Zur Überraschung aller fiel das Ergebnis nicht wie erwartet aus. Es ergab sich eine Mehrheit, die sich dafür aussprach, dem Alois die Hütte zurückzuübertragen. Alois sollte nur die wirklich geleisteten Auslagen erstatten.
»Was soll das?« donnerte Franz Huber. »Ich dachte, wie wären uns alle einig gewesen.«
»Sind wir doch auch, Franz!« versuchte der Bürgermeister zu beruhigen. »Beruhige dich!«
»Ich beruhige mich nicht, weil ich mich nicht beruhigen will. Das ist doch ein ausgemachtes Komplott. Erst feilschst du um die Summe, daß sie so niedrig angesetzt wird. Dann stimmt eine Mehrheit dafür, daß der Alois die Hütte bekommen kann. Da steckt doch eine ausgemachte Intrige dahinter. Das ist alles dein Werk, Fritz Fellbacher.«
Der Bürgermeister gab sich ruhig. Der Direktor der kleinen Bankfiliale im Dorf saß ebenfalls im Gemeinderat. Auch er versuchte Franz Huber zu beruhigen.

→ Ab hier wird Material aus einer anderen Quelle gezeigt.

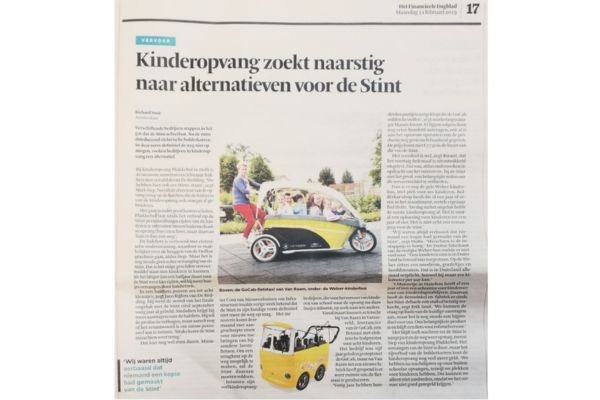 Artikel in Financieel Dagblad over fietstaxi GoCab Artikel in Financieel Dagblad over fietstaxi GoCab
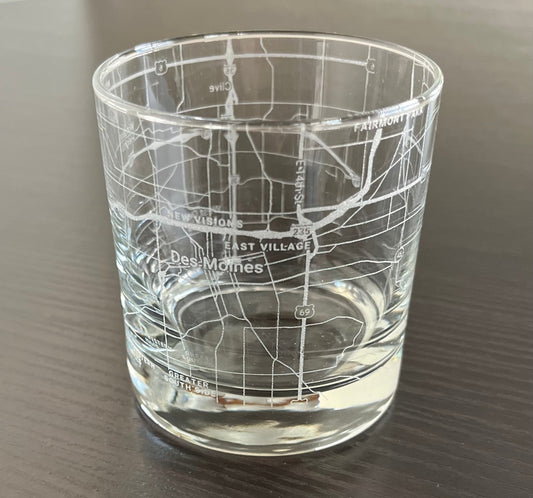 Rocks Whiskey Old Fashioned Glass Urban City Map Des Moines, IA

»Der Alois hat nicht so viel. Einen Kredit bekommt er nicht. Die Kreditwünsche vom Baumberger sind doch auch schon abgelehnt worden. Es besteht also keine Gefahr. Wir müssen nur die Frist von zehn Tagen einhalten. Kann der Alois nicht in der Zeit bezahlen, dann ist es vorbei und wir können mit der Berghütte machen was wir wollen.«
»Aber wenn er zahlen kann, dann gibt es Ärger, das verspreche ich dir, Fritz! Der Schwarzer, und auch wir, wir lassen uns das nicht gefallen.«
»Ruhe jetzt!« Der Bürgermeister sprang von seinem Stuhl auf, daß dieser hinter ihm umfiel. Er schlug mehrmals mit der Faust auf den Tisch und schrie Franz Huber an.